The survey conveys a large-level contempt and bleak prospects if reforms were not considered. After taking cues from Blair, the queen speaks to several members of the staff, with her chief advisor on tow, about the nature of their craft to see where she can cut down on superfluous expenses. In her next meeting with Blair, she retorts that modernising is not always the answer, and it is due to traditionalism that such rare craftsmanship have been generationally able to thrive. She is also seen smirking from her moral high ground when the Women’s Institute in the United Kingdom claps Tony Blair off the stage because he starts discoursing on politics. 

The Problem of Recent History 

But this occasionally-lukewarm and generally adoring portrayal feels awkward not just due to the bland flattery of the queen as a representative of the institution of the monarchy, but also because of how we are acutely aware of the succeeding events. William and Kate will get married; Harry will exit the institution with his future wife; Queen Elizabeth II and Prince Philip will succumb to their age. It was, in any case, going to be an onerous task to portray all this with any original insight, given the exhaustive documentation of the monarchy, particularly since the 1950s at organised, journalistic and personal levels. 
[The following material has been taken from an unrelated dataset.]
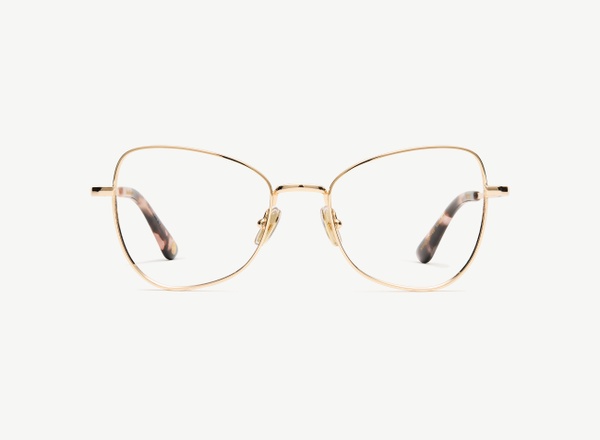 Front view of a pair of eyeglasses called the Muse in Rose Gold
The newer crop of actors which includes Ed Mcvey, Meg Bellamy and Luther Ford (Prince Harry), barely register for their interiority, despite there being plenty of it, due to how stereotyped and vapid their allotted inner lives are. Ford is roguishly charming and is a good contrast to the softer McVey, but is given inadequate screen time. The other two are part of a love story that the writers are clearly more infatuated with, but could have benefited from taking out a leaf from rom-com traditions to show how believable antagonism is constructed. We will not be privy to what the actual conversations around Kate being assimilated into monarchy were because of how strenuously the show is veering off of controversial provinces.

A still from the show.
A still from the show.

There is a persisting adulatory overtone in The Crown for Elizabeth II as the woman who was the forebearer of the institution. Anyone who has different sentiments for the monarchical institution can search for ways in which the creator tries to undercut this lionising, but the portrayal is scant of any critique. The earlier seasons, especially the first four, undertook distance from the family, and rendered their fidelity towards a clinical curiosity, albeit one which was not bashful about indulging in soapy gossip. The queen was neither shown as malicious, nor necessarily exceptional, but as a clueless and obliging figurehead who was navigating the impositions and impunities of the institution she is a part of. The last two seasons visibly flout this approach, with the congenial viewpoint towards the characters being more visible.

Queen Elizabeth II died last September. Though there were several who assumed a critical stance towards her legacy, London was also thronged with mourners who had come to pay homage to the late monarch. It is possible that the event coloured how she would be characterised within the last season. But that doesn’t mean something doesn’t feel missing in this reverential cup of tea. Maybe a spoonful of multitudinal readings that the show was capable of offering up at one point, rather than the singular veneration to which it has succumbed.  To have the creators be so thoroughly shy of their original preoccupation to probe, is as its own esteemed subject would say, a “tawdry spectacle”.